L'Aisne avec DSK

19 juin 2009

RSA contre RMI.

Bonsoir à toutes et à tous.

Le RSA est en vigueur depuis quelques jours. Un homme de gauche, Martin Hirsch, en est l'inventeur et les conseils généraux socialistes, soucieux d'appliquer la loi de la République, mettent le dispositif en place. Ce qui amène la gauche à une certaine indulgence vis à vis du RSA. Et puis, si par ce biais des personnes peuvent être incités à rechercher ou à conserver un travail parce qu'un supplément leur est versé, qui rend plus intéressant de vivre qu'avec des allocations, tant mieux. Mais combien de gens seront-ils touchés ? On fera dans quelques mois le bilan, on ne peut guère en dire plus maintenant.

Ce dont j'aimerais cependant parler ce soir, c'est de la signification politique du RSA. Car sous couvert d'une mesure technique, d'une gestion sociale des chômeurs et travailleurs pauvres, il y a une intention idéologique que la gauche doit d'urgence rendre visible. D'autant que le RSA, c'est sa défaite, puisque celui-ci remplace un autre dispositif voulu il y a vingt ans par Rocard et les socialistes : le RMI. Les deux logiques sont politiquement opposées : le RMI était un droit pour toute personne sans emploi de recevoir un petit quelque chose, pas grand-chose mais assez pour ne pas socialement sombrer. Grâce au RMI, on ne le dit pas suffisamment (y compris dans les rangs socialistes), la société française a échappé à la tragédie silencieuse de la grande pauvreté, telle qu'elle existe et fait des ravages aux Etats-Unis.

Le RSA, ça n'a rien à voir, c'est une mesure destinée à encourager ceux qui ont déjà un travail pour qu'ils le gardent. On n'est plus dans une logique du droit, on ne s'adresse plus aux chômeurs en tant que tels, on est dans l'idéologie sarkozienne de la "valeur-travail", on récompense le boulot, quitte à ce que celui-ci soit merdique, à temps partiel, intérimaire. On part de cette idée qu'un sans emploi ne recherche pas un emploi, qu'il est légèrement fainéant, qu'il faut l'inciter par quelques sous à embaucher quelque part.

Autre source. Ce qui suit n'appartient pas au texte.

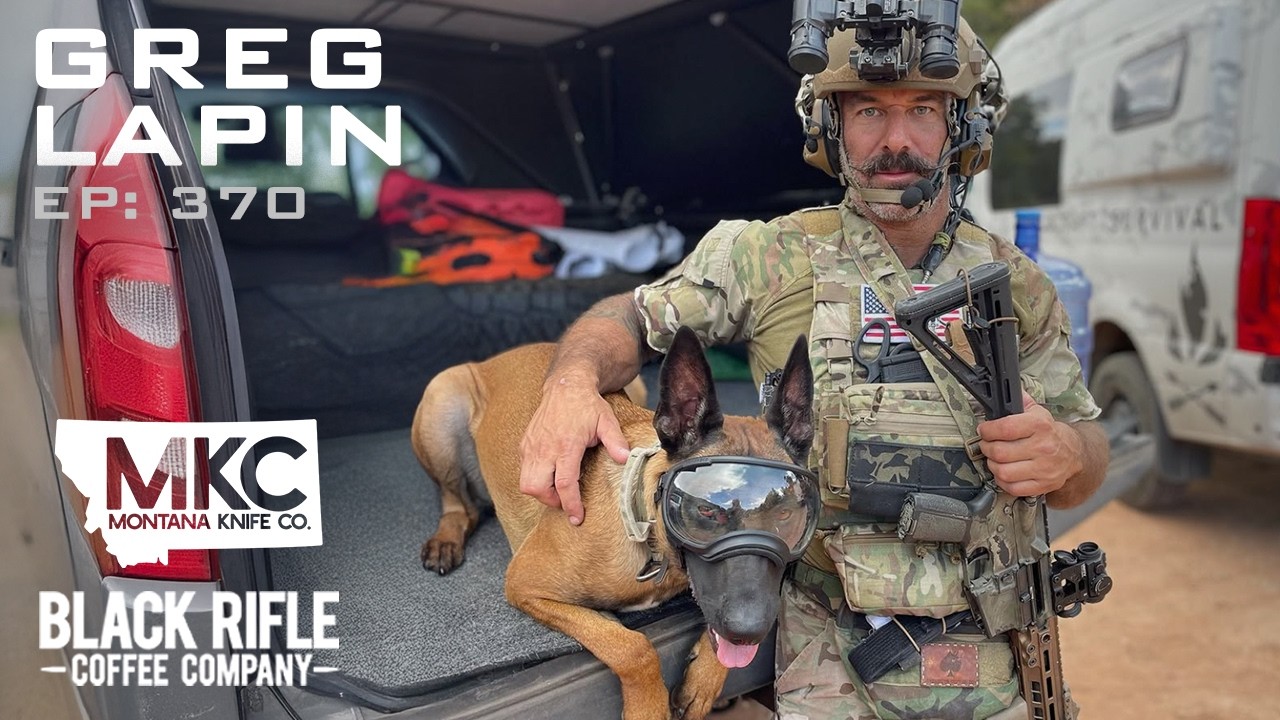 Episode 370 - Greg Lapin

L'idéologie du RSA est dans les têtes depuis longtemps, c'est pourquoi la droite, avec ce dispositif, a remporté une grande victoire politique. Depuis 2002, combien d'électeurs de gauche, y compris parfois des adhérents socialistes, n'ont-ils pas critiqué "l'assistanat", ce mot qui auparavant appartenait au vocabulaire de droite et qui s'est installé progressivement dans les têtes de gauche ? Combien de fois ai-je entendu des camarades me dirent : le RMI, c'est bien, mais on a oublié le I d'insertion. Oui mon con ! Ça ne viendrait pas à l'idée que l'insertion est du ressort des patrons, de l'économie, que c'est à eux de créer de l'emploi, que le chômage de masse relève aussi de leur responsabilité ?

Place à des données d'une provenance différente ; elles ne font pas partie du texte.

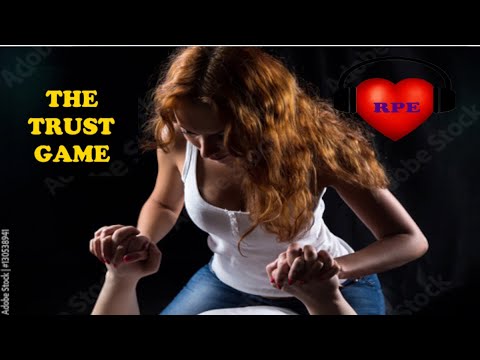 rainofgods1's tweet card. #Reaction @OfficialMrBallenPodcast : The Trust Game " #truecrime...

Au lieu de ça, on préférait taper sur Jospin, les 35h, la CMU et bien sûr le RMI. Dégueulasse ! De toute façon, quand quelqu'un commence par "c'est bien mais ...", vous pouvez être sûr que s'annonce une grosse connerie. C'est ainsi que le RMI a été discrédité par notre propre électorat, qui nous accusait de venir en aide aux plus pauvres (comme si ce n'était pas la définition même du socialisme !). Le terrain a donc été préparé à Sarkozy et à son RSA. Bref, la gauche a encore un gros travail à faire pour remonter la pente et imposer ses propres thèmes idéologiques dans le débat public.


Bonne nuit.

2 Comments:

  • Il faut même aller au-delà de ce que vous dites: le RSA est aussi destiné à placer les précaires juste ou légèrement au-dessus du seuil de pauvreté et ainsi faire croire au reste de la population que, sous la droite, il n'y a plus personne qui vit en dessous de ce seuil, en bref, qu'il n'y a plus de pauvres en France.

    Le RSA n'est certainement pas une mesure sociale, car les "bénéficiaires" de cette nouvelle allocation devront obligatoirement se soumettre à l'ORE (offre raisonnable d'emploi). Ils ne pourront pas refuser plus de deux propositions d'emploi, même si elles ne lui conviennent pas (éloignement géographique, compétences...).

    Cela revient de fait à appliquer une logique, qui rappelle étrangement le STO de sinistre mémoire.

    By Anonymous Anonyme, at 10:39 AM  

  • Le STO, là, je crois que vous allez un peu loin. Mais il est vrai que le RSA ne règle pas le problème de l'emploi.